After a year, they found he was queer,
Ad hominum, ad hoc and ad homo.
Timothy Hansen (pseudonym; OC 64), a flamboyant student involved in Oberlin’s theater world, used the gossip he picked up from other gay students in a sociology term paper that “made use of soc-babble and ‘friendship’ charts” and “actually documented who was sleeping with who (without real names).”
Martin Beadle (OC 66) recalled writing a paper on “The Rights of Homosexuals” for his senior-year criminology class. “As I look back,” he said, “I realize that I was furtively trying to find out about my people.” In the Carnegie Library,
the books on homosexuality were locked in a gray locker, like a gym locker. [The librarian] unlocked the locker, got out the book I needed, put it on the counter and pushed it across the counter with the back end of her pencil, and gave me a huge scowl.
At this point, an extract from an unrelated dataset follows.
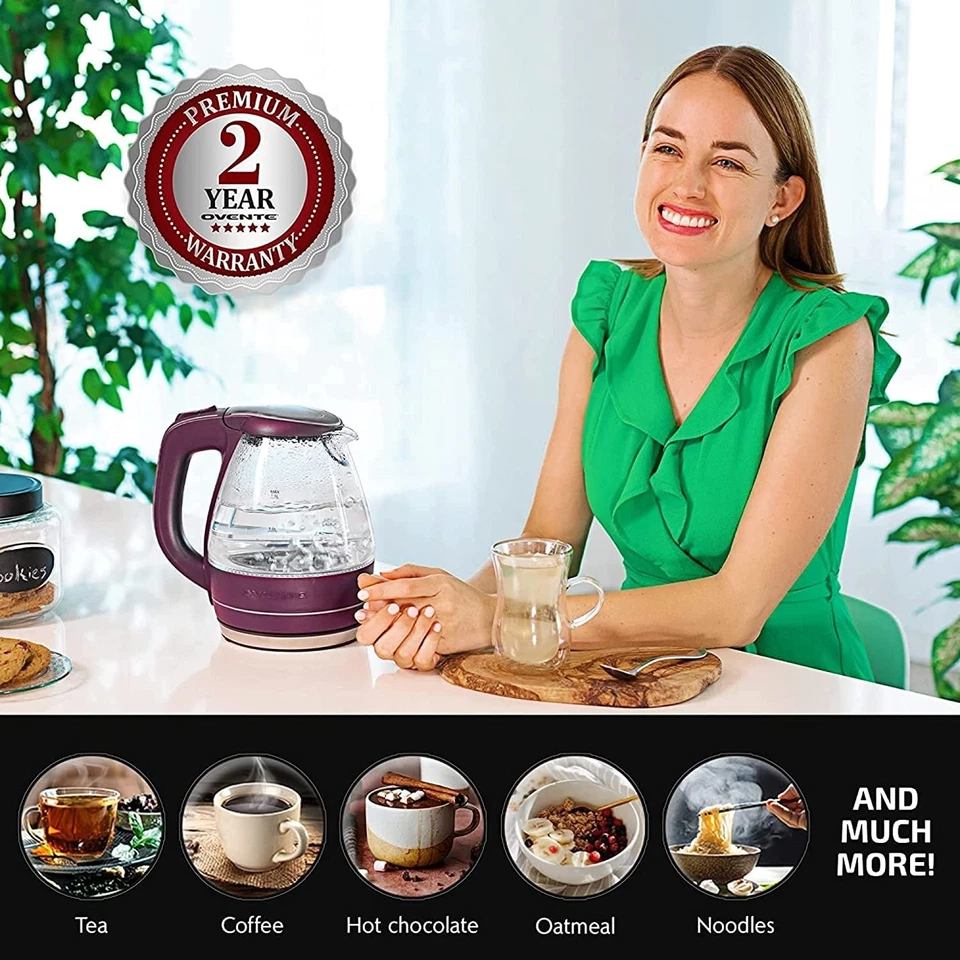 Hervidor eléctrico Ovente púrpura KG83P: 1,5 L, LED, protección contra hervir en seco Foto 4 de 4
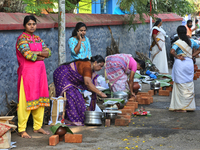 Hindu women complete final pongala preparations during the Attukal Pongala Mahotsavam Festival in the city of Thiruvananthapuram (Trivandrum...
This was the first time I ever read about gay people and their lives.
Roger Goodman (OC 68) also intervened in classroom discussions, drawing on his knowledge of historical figures such as Tchaikovsky and Gertrude Stein.
I didn’t allow professors to get away with not naming it…When we’d look at Michelangelo’s David, and the professor would talk about the beauty of the body, and isn’t this wonderful, and how could a man create such magnificent male beauty as the David? And I would say, “It’s because he loved boys! Because Michelangelo was a gay man, so he knew the bodies of men—intimately.” Or we’d be talking about the paintings of David Hockney of naked boys swimming in swimming pools…and no mention of Hockney being gay. And I would say something in class about it and how it reflected who David Hockney was. Or talking about Gertrude Stein in an American Lit class and not talking about her being a lesbian and I would say, “How can you talk about The Autobiography of Gertrude Stein, written by Alice B. Toklas, without recognizing that they were life partners?
“I loved being the Oberlin College scandal,” Goodman recalled. “And why not extend that scandal into the classroom, where truth needs to be told?”